The live funeral of Queen Elizabeth II on Monday will take its place among the most-watched international TV events of all time.
Measurement of its audience will be difficult, although plenty of estimates -- accurate or not -- will emerge in its aftermath. Look for them to be in the billions.
Televised events such as this one, that rivet audiences both globally and domestically, are relative rarities or, at the very least, they occur infrequently.
Some are based on sudden news events. Others, whether sad or celebratory, are irresistible events for millions and sometimes billions.
The world watched Elizabeth’s coronation in 1952, and on Monday, billions will likely watch her funeral to share in the experience of saying good-bye.
The funeral is scheduled to start at 11 a.m. London time, which is five hours ahead of the U.S. Eastern time zone, meaning the event will start here at 6 a.m. eastern.

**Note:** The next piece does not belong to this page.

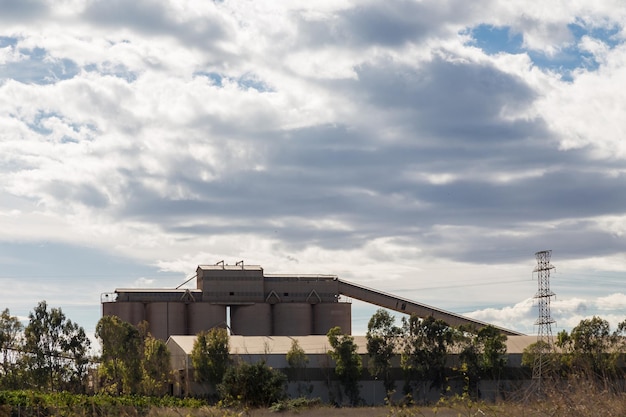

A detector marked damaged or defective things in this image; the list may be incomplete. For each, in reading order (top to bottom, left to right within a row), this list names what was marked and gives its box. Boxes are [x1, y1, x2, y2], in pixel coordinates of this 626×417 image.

rusty metal structure [102, 262, 520, 340]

It is unnecessary to list all of the TV networks and news web sites that will air the event live because it will be seen on all of them. It will be impossible to miss.

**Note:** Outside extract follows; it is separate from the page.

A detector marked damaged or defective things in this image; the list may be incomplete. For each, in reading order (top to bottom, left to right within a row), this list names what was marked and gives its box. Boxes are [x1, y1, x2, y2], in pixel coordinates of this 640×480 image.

Most of the news sites and networks are planning to begin their coverage several hours earlier in the morning before the official start of the service.
The earliness of the coverage will likely not have a huge impact on viewership. For an event such as this, people will plan to get up early.
Britain’s royals have figured in many of TV’s most-watched global events, including the wedding of Charles and Diana in 1981, Diana’s funeral in 1997, the wedding of Prince William and Kate Middleton in 2011, and the wedding of Prince Harry and Meghan Markle in 2018.
But certain news events in TV history have drawn audiences on par with, or far larger, than these royal rituals.
Among them: Coverage of the assassination of President Kennedy in 1963, the Apollo 11 moon landing in 1969, coverage of the Munich massacre at the 1972 Summer Olympics, President Nixon’s resignation speech in 1974, the infamous O.J. Simpson Bronco chase in 1994, the O.J. verdict on October 3, 1995, and many more.
The audience for 1985’s international Live Aid concert has been estimated at 1.9 billion, although the accuracy of this tally and others like it that stretch into the billions are often disputed, or at least looked upon with skepticism.
Whether or not the audience estimates in the days following the funeral are credible or not, the funeral itself will be all that matters to that great portion of the world united in grief who will not be able to resist dropping everything to watch it.
For on Monday, Elizabeth II will be queen for a day, and for all time.